Financing affordable housing is complicated and often requires many different funding streams. One of the most important streams are Low-Income Housing Tax Credits (LIHTC). The problem is that the credits are often highly competitive because their availability is so restricted, resulting in many vital affordable housing initiatives being stymied by lack of financial incentives.

In June, a bipartisan group of lawmakers in the House and Senate introduced the Affordable Housing Credit Improvement Act (S. 1703/H.R. 3077) to increase investment in affordable housing and address seniors’ housing needs. The bill would increase LIHTC by 50 percent to encourage developers to build affordable rental housing. It would also stabilize the value of the 4 percent LIHTC rate to create more certainty for new and ongoing projects and allow multifamily housing bonds to be “recycled” and used for affordable housing. Other provisions of the bill would make the credit more effective in Native American and rural communities and allow the credit to be used for veteran-specific housing.

The bill would create or preserve 1.3 million affordable homes over a decade. This is an increase of about 400,000 units than are likely under the current LIHTC law, which has not been updated in over 30 years.

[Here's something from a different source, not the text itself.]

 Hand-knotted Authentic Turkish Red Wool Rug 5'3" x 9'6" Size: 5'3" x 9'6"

ASA is calling upon Congress to pass, and the President to sign, the Affordable Housing Credit Improvement Act, as quickly as possible, and we need your help. Please contact your Member of Congress and both of your state’s U.S. Senators asking them to co-sponsor this bipartisan legislation and, of course, to vote in favor when it reaches the floor.

Here is a sample email:

Dear Representative/Senator:

On behalf of the American Society on Aging, I am writing to urge you to cosponsor H.R. 3077/S. 1703, the Affordable Housing Credit Improvement Act. This bill would update the Low-Income Housing Tax Credit for the first time in over 30 years to help address seniors’ affordable housing needs.

The nation’s senior population is growing rapidly, with about 10,000 Americans turning 65 each day. Unfortunately, the production of new housing units has not kept up, and many seniors struggle to find affordable housing options. Currently, the Low-Income Housing Tax Credit is the most important resource for creating affordable housing in the United States.

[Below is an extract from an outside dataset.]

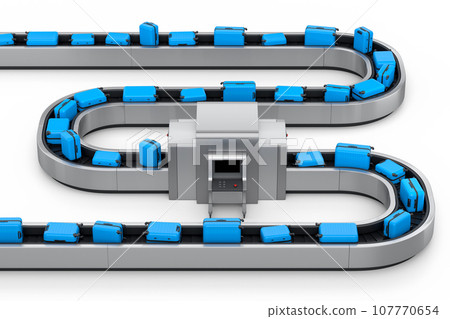 Airport luggage conveyor belt or baggage claim with X-ray scaner and suitcases Airport luggage conveyor belt or baggage claim with X-ray scaner and suitcases 107770654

The Affordable Housing Credit Improvement Act would enhance this resource by increasing the credit by 50 percent. This would encourage developers to build more to address seniors’ unmet housing needs. Additionally, the bill would make the credit more effective in Native American and rural communities and allow the credit to be used for veteran-specific housing. If enacted, the legislation would create or preserve 1.3 million affordable homes over a decade, which is an increase of about 400,000 units than under the current law.

Let me know if you have any questions. And thank you for considering adding your name to this important bill.

Sincerely,

(Name/Title/Institution)

 

To find your member of the House of Representatives, go to this link.

To find your U.S. Senator, go to this link.

The phone number for the U.S. Capitol is (202) 226-8000.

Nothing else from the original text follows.